Director, Parks and Recreation Department Houston, Texas
From Parks As Community Places: Boston, 1997, a publication on the Urban Parks Institute's annual conference.
Bill Smith has organized a series of weekend events in Houston's parks called Fundays which include music, games, and food concessions, attracting children and their parents from all over Houston to neighborhood parks across the city.
In 1993, when I became director of the Houston Parks and Recreation Department, we had very low usage of our neighborhood parks due to crime and security issues. Graffiti was rampant. We had very poor maintenance not only of the grounds but also the facilities. We had fairly low staff morale and performance, and we had few to no programs. Although we rectified many of those things, we knew we needed something that would attract families - some type of special event that would bring families in and give them the message that it was safe to come back into the park, that the park was well maintained, and that there were things for them to do. The mayor and I came up with an idea called "Funday in the Park," where we arranged for 20 to 30 special events in neighborhood parks on Sunday afternoons during the spring and summer, moving from park to park every weekend. Last year we did 26 Fundays, and we had a total attendance of 165,000 people in parks that were previously little used.
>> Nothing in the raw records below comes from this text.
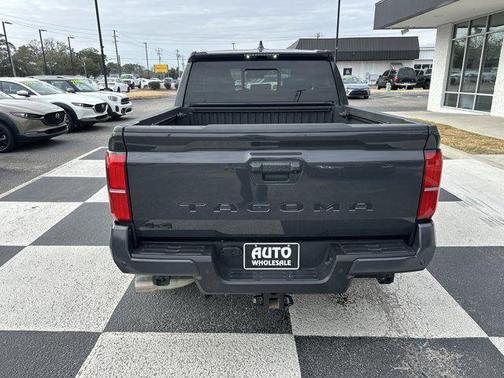 2025 Toyota Tacoma TRD Sport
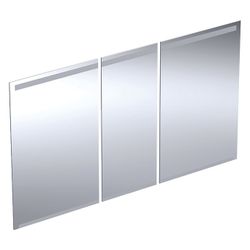 Geberit Set Türen für Option Spiegelschrank, Glas, 120cm, 595345000... GEBERIT-595345000 4022009368246 (Abb. 1)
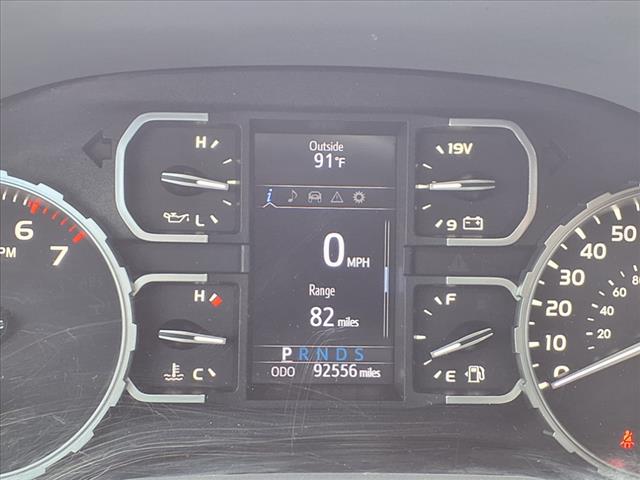 2019 Toyota Tundra SR5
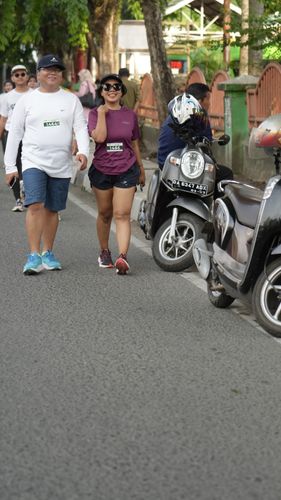 Race photo from ABR 2024 VIBES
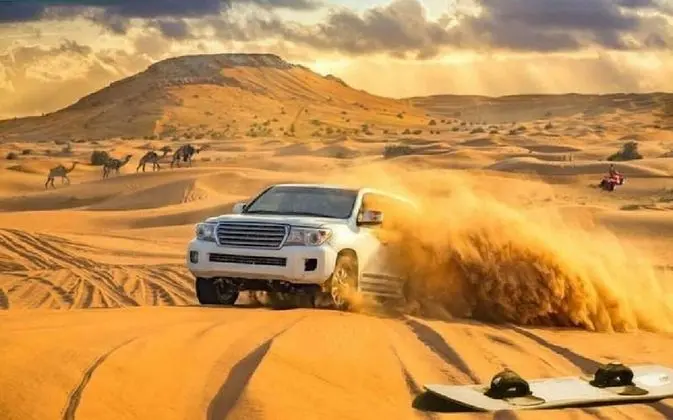 Standard Çadır, Ortak Banyo (5 Pax)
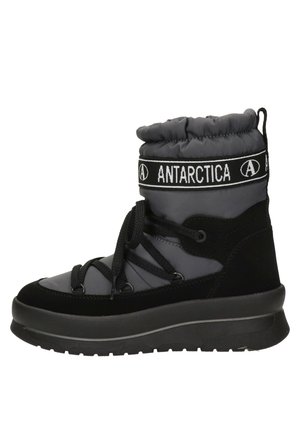 Snowboots  - grijs
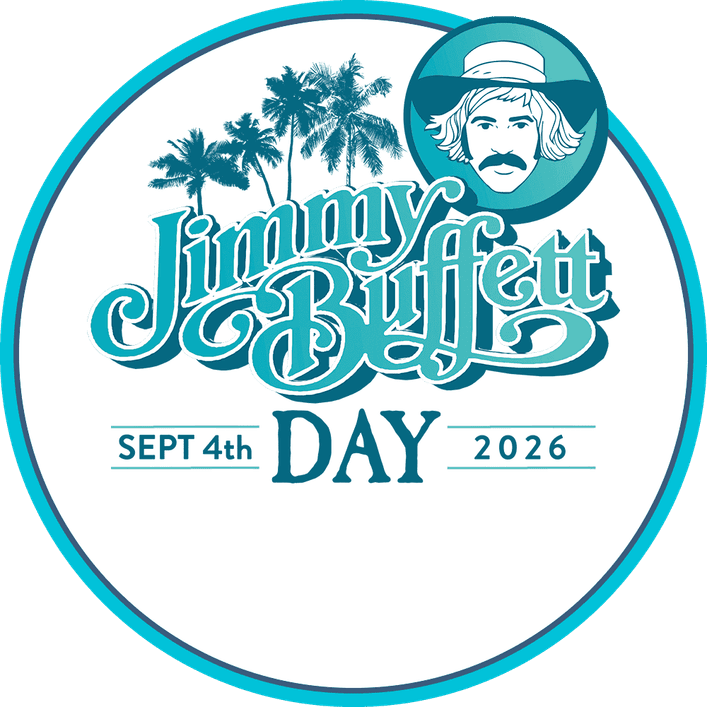 Jimmy Buffett Day - Sept 04, 2026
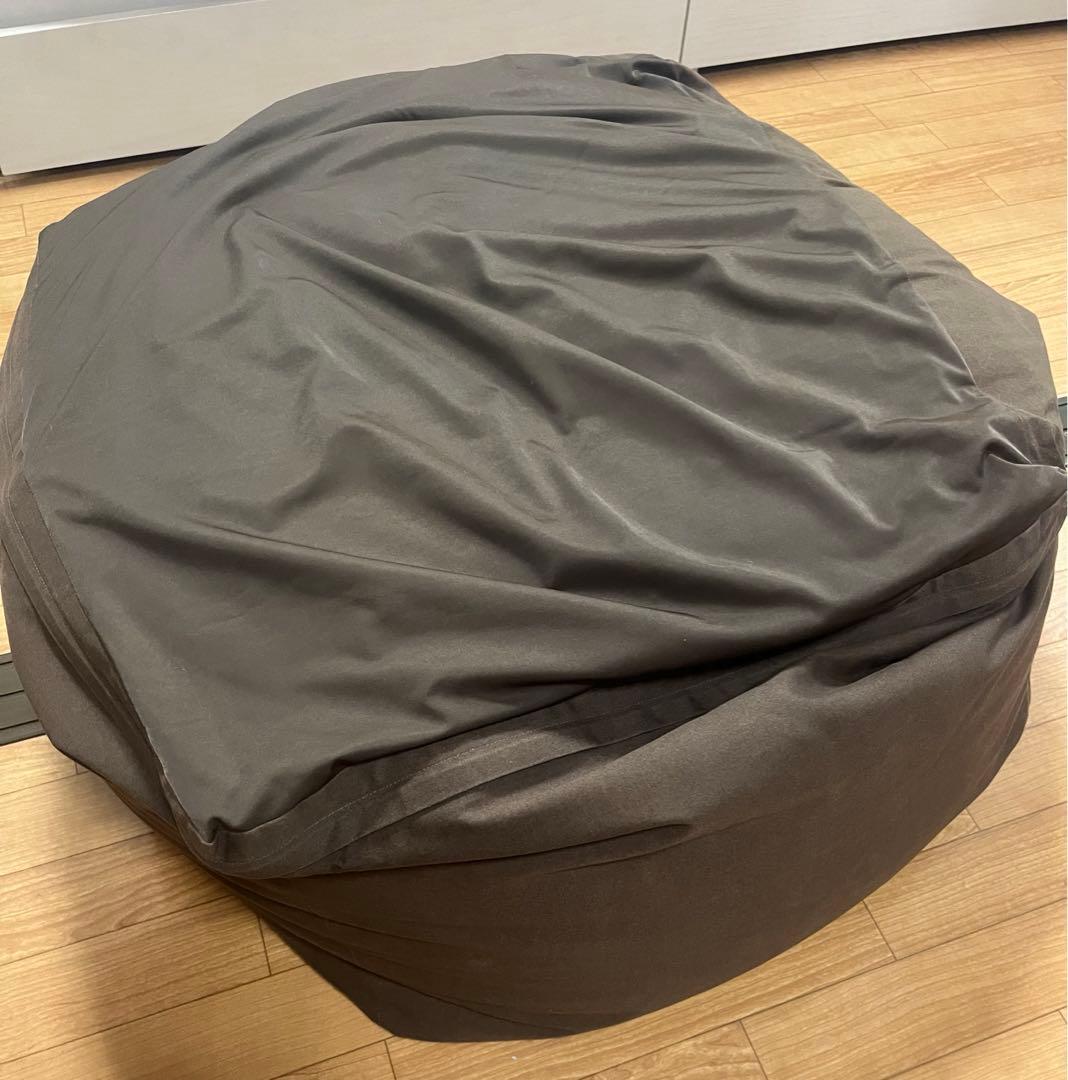 【大セール】無印良品　体にフィットするソファ　セット　ブラウン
We contracted with a private entertainment company, Epic Special Events, to run Funday, a name for which they own the trademark. They provide inflatable games like basketball shooting and soccer; live music; and food and non-alcoholic drinks. It's about a five hour entertainment package. We have a five year contract with them for about $270,000 a year, and we split the concessions and sponsorship with them so the net cost is about $200,000 for us.
We think that about 25% to 33% of the Funday audience is not from the neighborhood where that park is located. Families can call in on a telephone line we have set up, or they see the publicity we put out, and they simply follow it around because they have young children, and children love it. We also tailor the food and the music to the ethnicity of the neighborhood. That's very important.
Subsequent to Funday we started a Saturday Neighborhood Festival Program, which is a somewhat scaled down, less expensive Funday. Ten of these festivals cost about $40,000 out of the operating budget. Average attendance is about 2,000 per Saturday afternoon. The Saturday Festival Program is done in-house, and there's not quite as much publicity. The feel of the Saturday Festival is entirely different than the Funday because the community is very involved. The planning process takes about three to four months with each community. They pick the theme of the festival, the name of it, the entertainment, and they decide who's going to provide the food and beverage. An important difference with Funday is that the neighborhood puts on the food booths and the beverages, and if they can get it all donated, of course, the gross becomes the net, and that money goes to the civic club or the park advisory committee. We do games, and we have bands, and we try to go to smaller parks with the Saturday neighborhood festival series than what we do with Funday.
One of the most important things about Funday and the Saturday Festival Program is the residual effect in the neighborhood of having those festivals in a local park. People come from all over that neighborhood because it's such a wonderful attraction and they have so much fun that they keep coming back to the park afterwards. That's the real critical thing.
"One of the most important things . . . is the residual effect in the neighborhood of having those festivals in a local park."
Just some simple arithmetic can tell you that if you take 165,000 people, and they come back three more times during the year to that same park or another park as a result of Funday or an event like that - you've got a half million people using the parks. That's a pretty significant number to add to your park usage. Certainly it's not a Band-Aid for other deficiencies that you have in your parks system. You've got to have safe and secure parks - you've got to have good staff - you've got to have good maintenance. You've got to cut the grass, get rid of the graffiti. You've got to have good programs. But for us, Funday was a very important signal to families that it's okay to come back into the park. And I guarantee you they wouldn't have come back as quickly as they came back if it hadn't been for the tremendous attraction of this very valuable free entertainment that they received.